Bitcoin Unlimited is also porting this: Port core 16902 O(1): OP_IF/NOTIF/ELSE/ENDIF script implementation (!2428) · Merge Requests · bitcoinunlimited / BCHUnlimited · GitLab

1 Like

I’m separately pushing for allowing multiple OP_RETURNs in a single transaction. Talk thus far was that the aggregate size of all OP_RETURNs would need to stay within the present 220 byte limit. Just running the question by you all to make sure that support for multiple OP_RETURNs won’t break any of this work.
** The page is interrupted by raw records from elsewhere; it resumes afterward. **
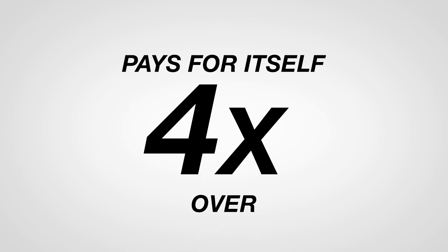If your dual breakaway unit prevents just one incident, it will have paid for itself as much as four times over. Along with the savings, it will prevent oil spills and the cleanup that follows.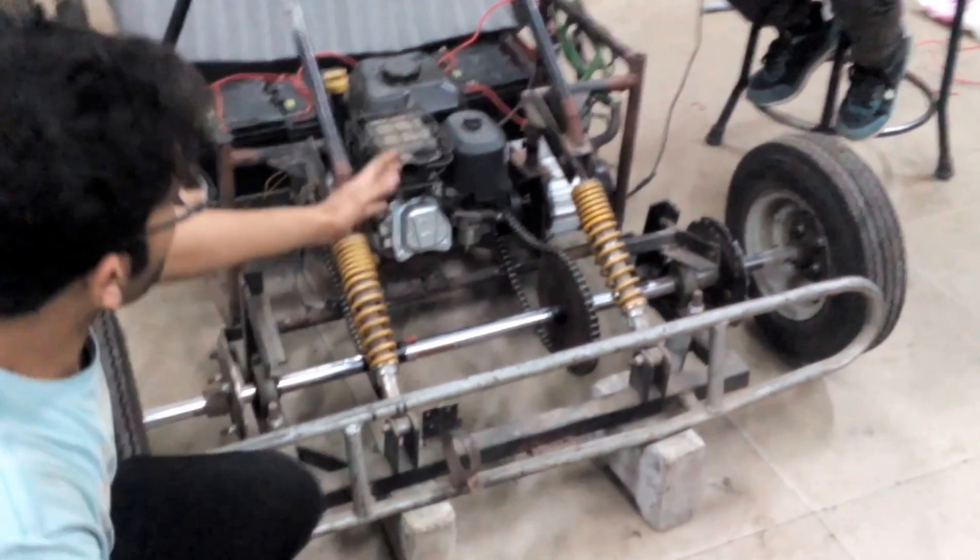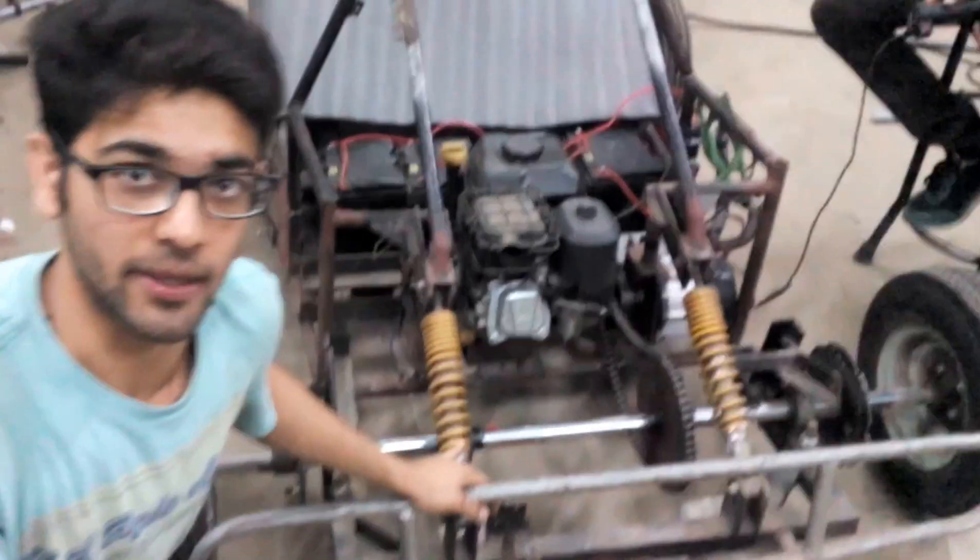Sir, here this is our hybrid transmission system prototype. This is a pretty steady engine of 208cc. Here this is an electric motor of 48 volt, 850 watts, being connected with a controller and attached with 4 batteries of 12 volt in a series of 48 volts. Now our ambition is to make a hybrid transmission system possible.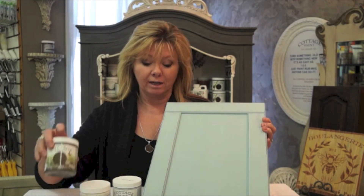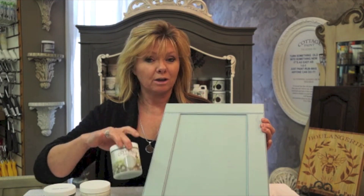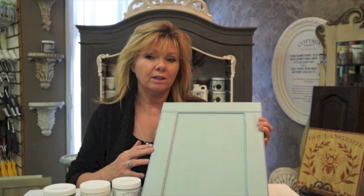This is an example of a two-color distressing, using arbor brown underneath and narbic blue on top. It is used when you would prefer to hide the original surface.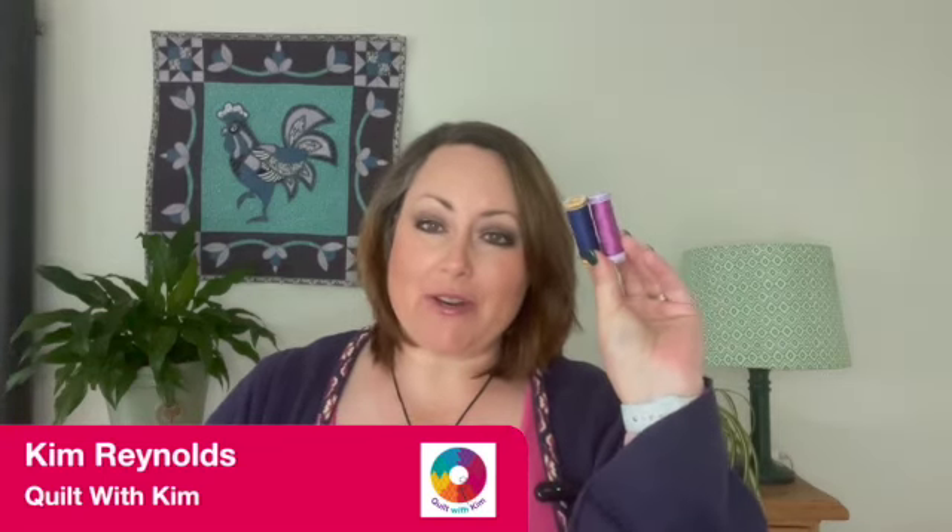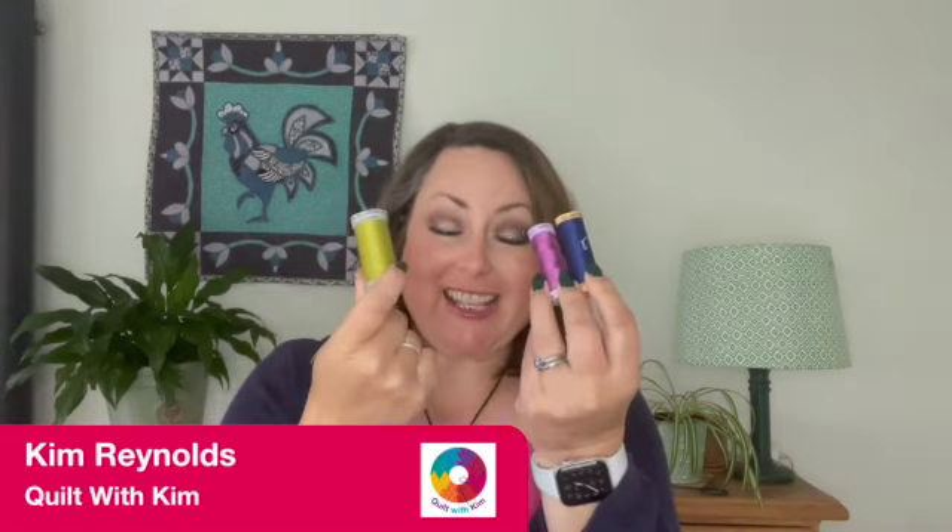So we have piecing threads and we have quilting threads. What's the difference between these? Are they interchangeable? Could you use quilting threads for piecing? Can you use piecing threads for quilting? I am Kim, this is Quilt with Kim. I have got you covered. Let's go take a look.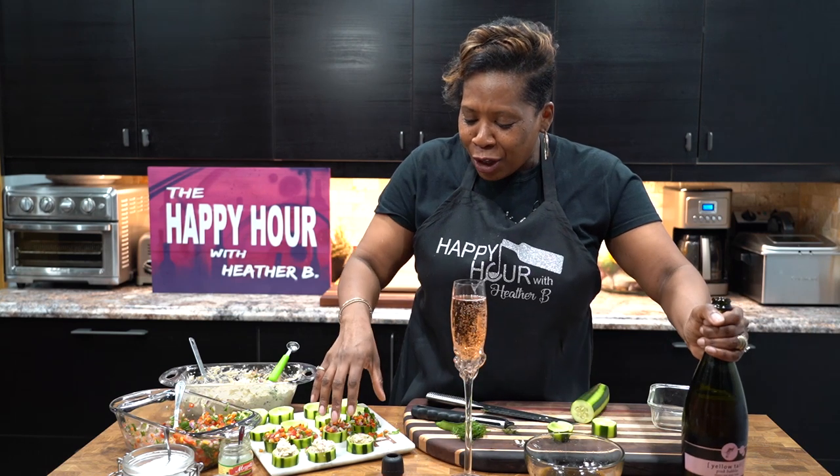Sparkling rosé, cucumber tuna cups, veggie cucumber cups — all here for under 21 bucks. Let me know how you like it, try it at home, and don't forget to subscribe and like the channel. All the ingredients will be listed in the description box.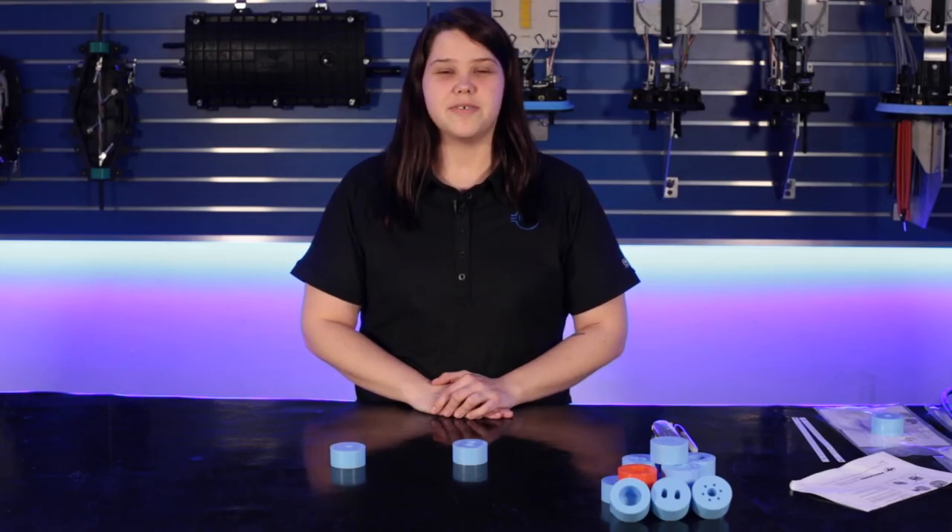Thanks for watching this episode. For additional tips and tricks, be sure to check out PLP's YouTube channel.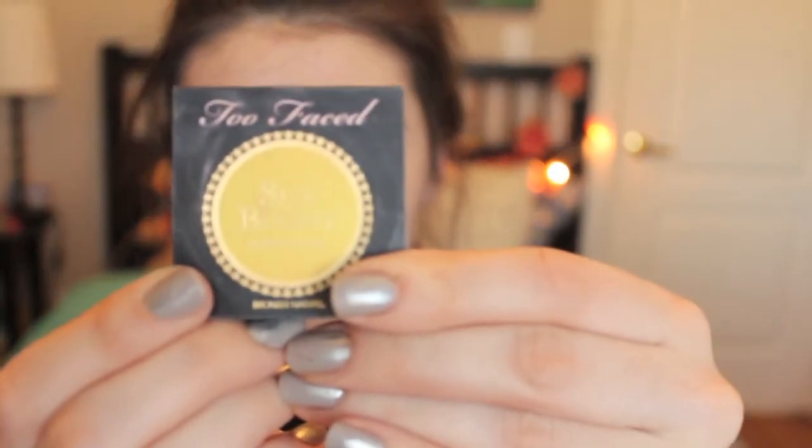Once that is done, I'm going to take my Too Faced Sun Bunny bronzer and put that in the hollows of my cheeks, up towards my forehead, and down to my jawline as well. You want to make sure you blend that in nicely so you don't have any straight streaks along your face.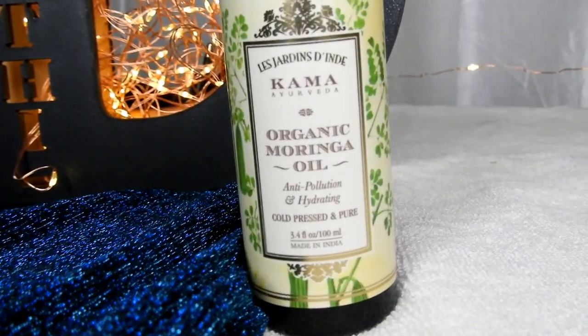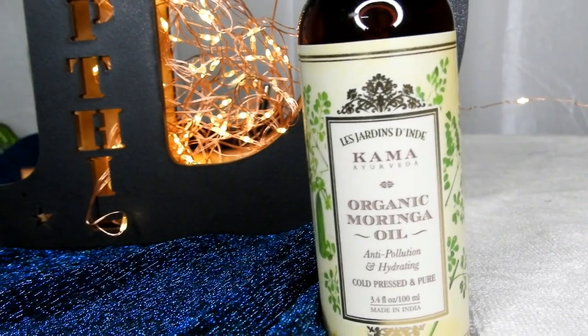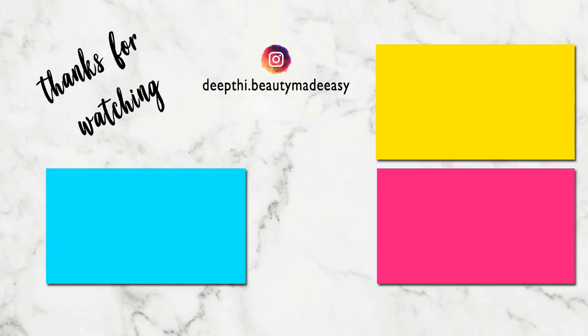I will leave the link in the description box. Purchase it if you want younger looking skin forever. I hope this video is helpful and you learned how to use this Moringa oil. Until then, I will see you in my next video. This is me, Deepthi, signing off. Bye bye, take care. Do subscribe to Beauty Made Easy for more such videos. Thanks for watching.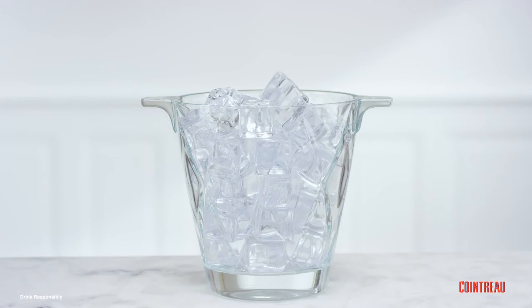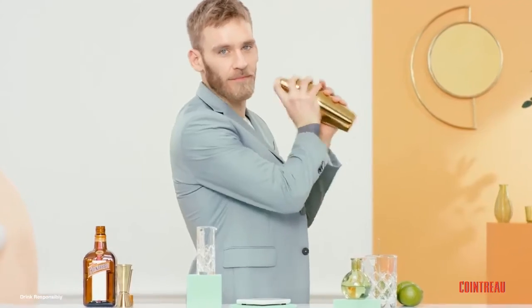Now for the coolest part, ice cubes. And then shake. Keep shaking. Now you're shaking it to a new level.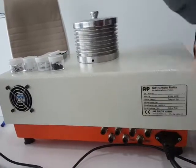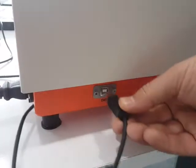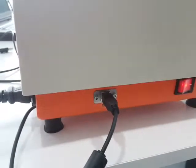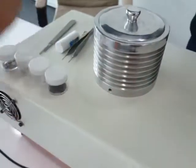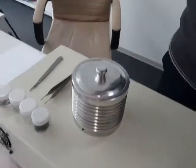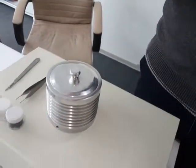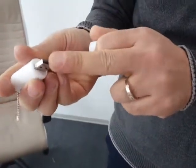The machine's power input is located here, the data input is a USB Type-B connection, and the on/off key is located here. The machine also has a USB dongle, which is a hardware key for the software.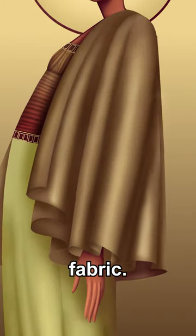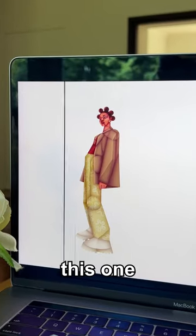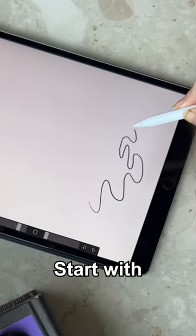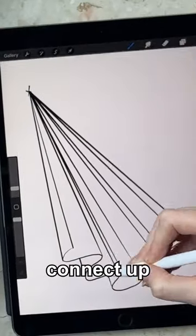My absolute favorite hack for drawing fabric. Just quickly, if you're new here, this is my series in which I recreate one illustration in 50 different styles. So back to it — if you're drawing fabric that drapes down, start with a squiggly line like this, then mark out a point and start creating lines that connect up to it like so.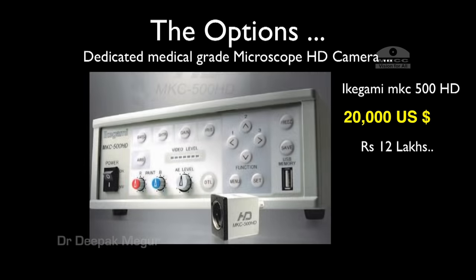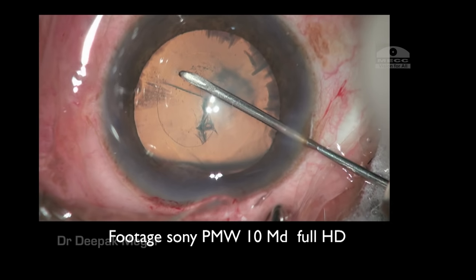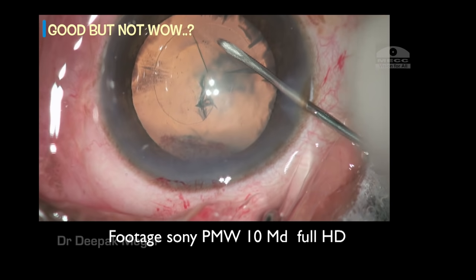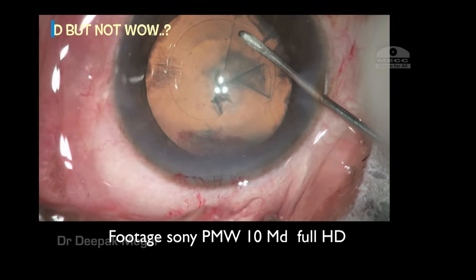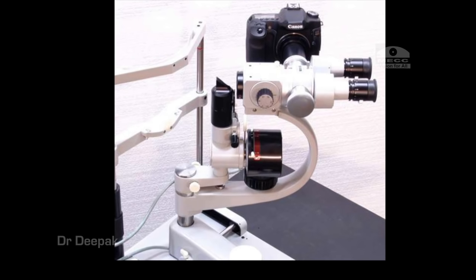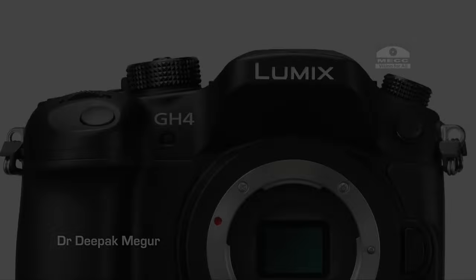A little bit of research showed me two options: the Ikegami 500 and the Sony — both were pretty expensive. There were three cheap full HD cameras and I had a demo of the Sony unit. It was good but not overwhelming, and I did not find it to be worthy of the price. I continued my quest and was considering recording using a DSLR because I was already using one for my slit lamp photography.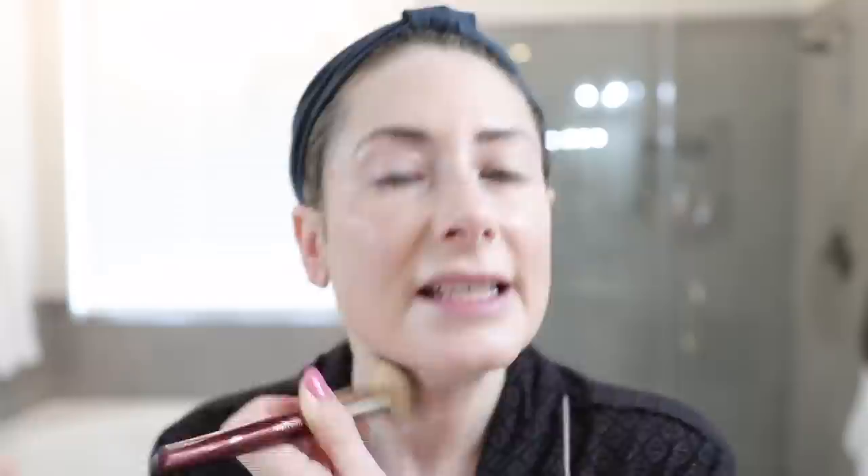They did send me their Flawless Lumiere Radiance Perfecting Foundation — I've been using it for a couple of weeks. I think it's a little drying on me, and my skin with the foundation on looks nothing like the model's — her skin was amazing. The next step was concealing.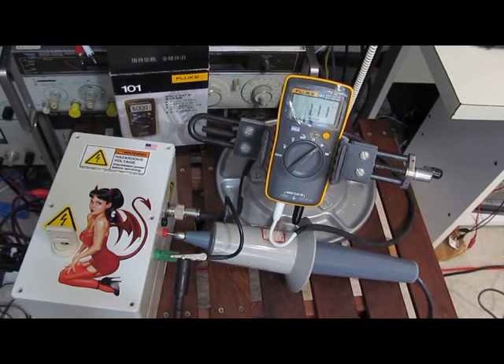I believe the meter is still functioning. Again, this is 13,000 volts — a little over 13,000 — with a full width half height of 100 microseconds and a 2 ohm source impedance.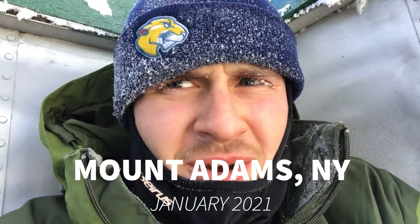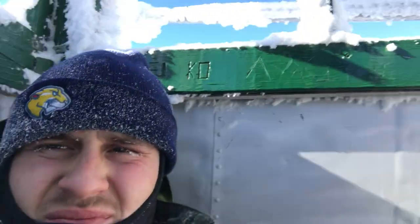We're at the summit of Mount Adams, near Newcomb. It's cold — like five degrees without wind chill. Everything's frozen. But we're here, made it. Cool videos, cool photos. I want to put the phone away and try to warm up. We're gonna head down in a minute.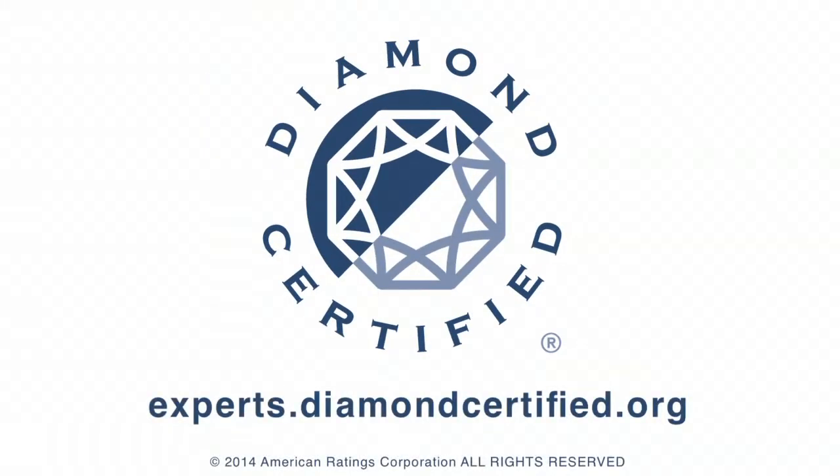To learn more from local top-rated companies, visit our Diamond Certified Expert Reports at experts.diamondcertified.org.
Any comments/feedback?

1 Like

Nope, I don’t think there will be any interaction with these two changes. :+1:

Want to start a new topic on allowing multiple OP_RETURNs? I’d love to see that happen.

In the past, I think a lot of resistance stemmed from the perception that OP_RETURN is a temporary hack in need of replacement by some formal “data” field in a new transaction format. (I think that misunderstands the transaction format, and OP_RETURN is actually an ideal solution within the TX model, e.g. SIGHASH_SINGLE.) So I think the strongest remaining concern is probably about the “fee structure” of adding extra data to the blockchain.

One conservative option might be to allow a total of N bytes across all OP_RETURN outputs, where the full, serialized size of the OP_RETURN output is counted. Also, I think we’ve just realized that the 220 byte limit was selected partially by mistake. It might be a good idea to select a new N based on the info above.

3 Likes

FYI the multiple OP_RETURN proposal is here: Multiple OP_RETURNS - This time for real!.